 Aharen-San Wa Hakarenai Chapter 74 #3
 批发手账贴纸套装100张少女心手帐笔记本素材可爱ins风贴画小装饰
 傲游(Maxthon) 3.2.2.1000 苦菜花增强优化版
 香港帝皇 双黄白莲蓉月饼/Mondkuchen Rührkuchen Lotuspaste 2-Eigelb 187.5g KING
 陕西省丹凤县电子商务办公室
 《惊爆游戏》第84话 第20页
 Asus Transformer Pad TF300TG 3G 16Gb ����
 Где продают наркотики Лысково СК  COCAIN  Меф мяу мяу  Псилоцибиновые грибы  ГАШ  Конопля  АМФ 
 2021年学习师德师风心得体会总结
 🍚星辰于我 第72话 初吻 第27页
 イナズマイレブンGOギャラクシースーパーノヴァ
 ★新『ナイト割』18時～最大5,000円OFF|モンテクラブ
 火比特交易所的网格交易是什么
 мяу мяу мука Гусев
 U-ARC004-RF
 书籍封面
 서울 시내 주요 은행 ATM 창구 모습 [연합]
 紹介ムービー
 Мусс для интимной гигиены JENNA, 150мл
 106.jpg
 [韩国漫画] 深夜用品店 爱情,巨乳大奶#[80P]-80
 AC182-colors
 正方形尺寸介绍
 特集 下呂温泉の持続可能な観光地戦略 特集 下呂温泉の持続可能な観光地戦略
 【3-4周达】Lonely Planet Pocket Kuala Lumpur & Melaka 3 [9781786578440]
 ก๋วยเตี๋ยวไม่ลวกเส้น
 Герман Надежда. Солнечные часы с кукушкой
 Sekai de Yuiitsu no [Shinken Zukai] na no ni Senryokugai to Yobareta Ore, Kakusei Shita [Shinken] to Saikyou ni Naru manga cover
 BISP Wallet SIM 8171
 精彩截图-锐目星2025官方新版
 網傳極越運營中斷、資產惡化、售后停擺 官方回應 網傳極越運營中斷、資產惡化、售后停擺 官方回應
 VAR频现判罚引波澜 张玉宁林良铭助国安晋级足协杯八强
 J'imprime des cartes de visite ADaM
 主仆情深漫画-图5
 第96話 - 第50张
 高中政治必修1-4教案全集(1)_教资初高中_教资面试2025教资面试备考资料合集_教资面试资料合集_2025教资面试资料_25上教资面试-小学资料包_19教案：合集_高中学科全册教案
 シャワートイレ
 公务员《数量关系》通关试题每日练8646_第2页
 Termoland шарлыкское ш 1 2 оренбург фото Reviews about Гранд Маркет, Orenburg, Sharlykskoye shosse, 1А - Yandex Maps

▶ [Problem to work on]:
Retype the data precisely.

▶ [Answer for this exercise]:
 Aharen-San Wa Hakarenai Chapter 74 #3
 批发手账贴纸套装100张少女心手帐笔记本素材可爱ins风贴画小装饰
 傲游(Maxthon) 3.2.2.1000 苦菜花增强优化版
 香港帝皇 双黄白莲蓉月饼/Mondkuchen Rührkuchen Lotuspaste 2-Eigelb 187.5g KING
 陕西省丹凤县电子商务办公室
 《惊爆游戏》第84话 第20页
 Asus Transformer Pad TF300TG 3G 16Gb ����
 Где продают наркотики Лысково СК  COCAIN  Меф мяу мяу  Псилоцибиновые грибы  ГАШ  Конопля  АМФ 
 2021年学习师德师风心得体会总结
 🍚星辰于我 第72话 初吻 第27页
 イナズマイレブンGOギャラクシースーパーノヴァ
 ★新『ナイト割』18時～最大5,000円OFF|モンテクラブ
 火比特交易所的网格交易是什么
 мяу мяу мука Гусев
 U-ARC004-RF
 书籍封面
 서울 시내 주요 은행 ATM 창구 모습 [연합]
 紹介ムービー
 Мусс для интимной гигиены JENNA, 150мл
 106.jpg
 [韩国漫画] 深夜用品店 爱情,巨乳大奶#[80P]-80
 AC182-colors
 正方形尺寸介绍
 特集 下呂温泉の持続可能な観光地戦略 特集 下呂温泉の持続可能な観光地戦略
 【3-4周达】Lonely Planet Pocket Kuala Lumpur & Melaka 3 [9781786578440]
 ก๋วยเตี๋ยวไม่ลวกเส้น
 Герман Надежда. Солнечные часы с кукушкой
 Sekai de Yuiitsu no [Shinken Zukai] na no ni Senryokugai to Yobareta Ore, Kakusei Shita [Shinken] to Saikyou ni Naru manga cover
 BISP Wallet SIM 8171
 精彩截图-锐目星2025官方新版
 網傳極越運營中斷、資產惡化、售后停擺 官方回應 網傳極越運營中斷、資產惡化、售后停擺 官方回應
 VAR频现判罚引波澜 张玉宁林良铭助国安晋级足协杯八强
 J'imprime des cartes de visite ADaM
 主仆情深漫画-图5
 第96話 - 第50张
 高中政治必修1-4教案全集(1)_教资初高中_教资面试2025教资面试备考资料合集_教资面试资料合集_2025教资面试资料_25上教资面试-小学资料包_19教案：合集_高中学科全册教案
 シャワートイレ
 公务员《数量关系》通关试题每日练8646_第2页
 Termoland шарлыкское ш 1 2 оренбург фото Reviews about Гранд Маркет, Orenburg, Sharlykskoye shosse, 1А - Yandex Maps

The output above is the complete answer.